[特集 2023国際ロボット展vol.9]周辺機器は使いやすく、安全に/ロボット周辺機器(1/3)
食品から金属製品まで
ピック&プレースやパレタイジングなど、搬送作業にはロボットハンドが欠かせない。指でワークを把持するタイプや吸着して持ち上げるタイプなどがあるが、共通して重要なのは安定してつかめること。その上で可搬質量や動作速度を上げられるよう、各社が開発に取り組む。
スウェーデンに本社を置く真空機器メーカー、ピアブの日本法人ピアブ・ジャパン(東京都葛飾区、吉江和幸社長)は、吸着パッドの新製品「FCX50」を出展する。
FCX50はシリコン製の吸着パッドで、表面に凹凸のある食品の搬送に向く。吸着面の直径は50mm。表面に凹凸があっても真空状態を作り、ワークを吸着できる。展示会場ではパイナップルの搬送デモを披露する。
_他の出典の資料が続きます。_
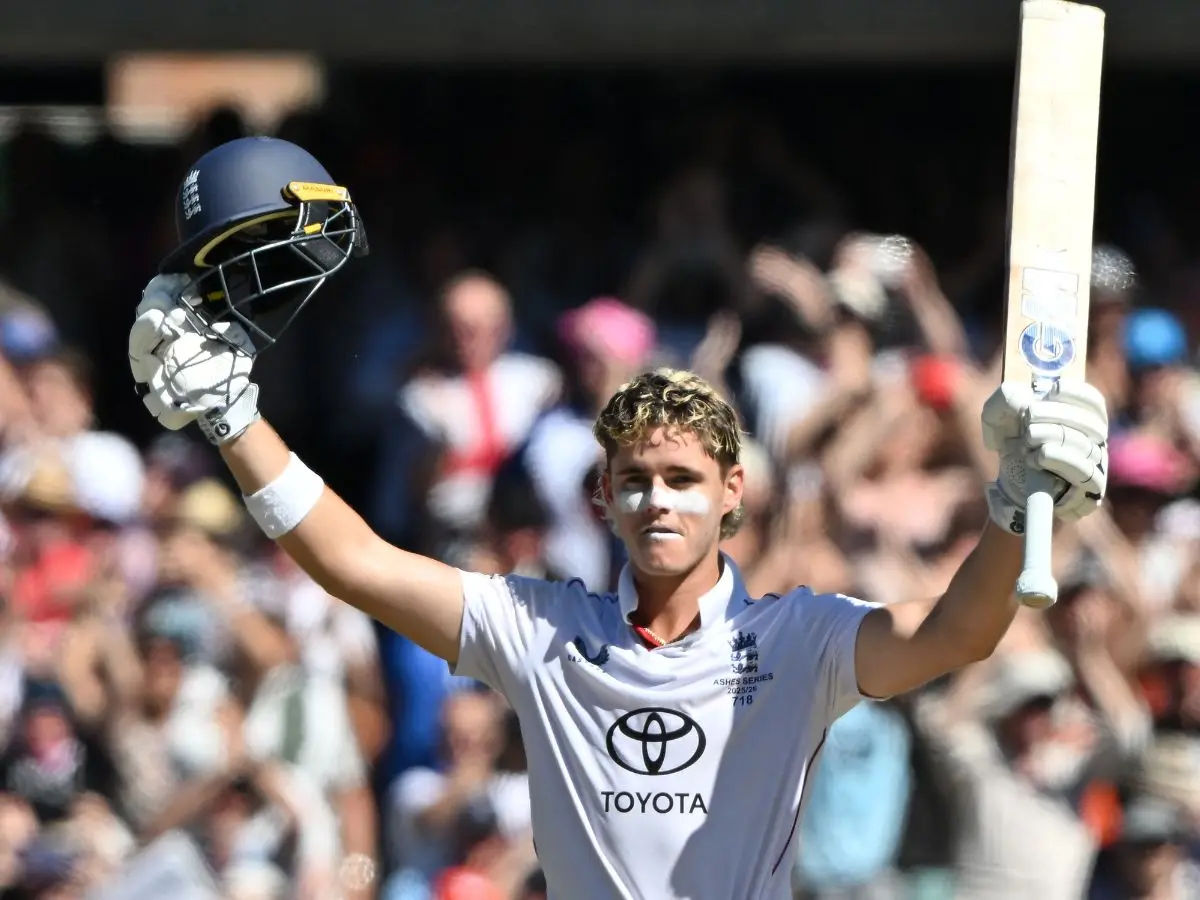 Ashes: Jacob Bethell breaks records with SCG hundred, his family’s reaction wins hearts, internet - WATCH Ashes: Jacob Bethell breaks records with SCG hundred, his family’s reaction wins hearts, internet - WATCH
オートメーション事業部の岩田真プロダクトセールスマネジャーは「協働ロボットの出現で、ロボット導入のハードルが下がってきた。結果としてこれまで以上に多くの企業が自動化を検討し始め、ピッキングの対象物が多様化している。真空機器を活用すれば軟らかい対象物もつぶさず、確実に把持して搬送できる」と話す。
また現在、協働ロボットでパレタイジングを自動化するのがトレンドの1つ。処理速度を高めるためには、ハンド自体の質量が重要という。
パレタイジングに向く同社の真空グリッパー「Kenos Safe&Light(ケノス セーフ&ライト、KSL)」は、サイズが幅320mm×奥行き160mmで、本体質量が約1.3kgと非常に軽い。「ハンドが軽ければ、その分ロボットの可搬質量に余裕ができ、早いスピードで動かせる」(岩田マネジャー)。
同社はロボットの活用シーンを広げられるように、多様なハンドの開発に取り組む。岩田マネジャーは「わが社は食品や包装製品などに特化しているイメージを持たれているが、重厚長大産業向けの実績も多い。ユーザーの課題解決に向け、自動化の方法や条件を突き詰めて提案したい」と語る。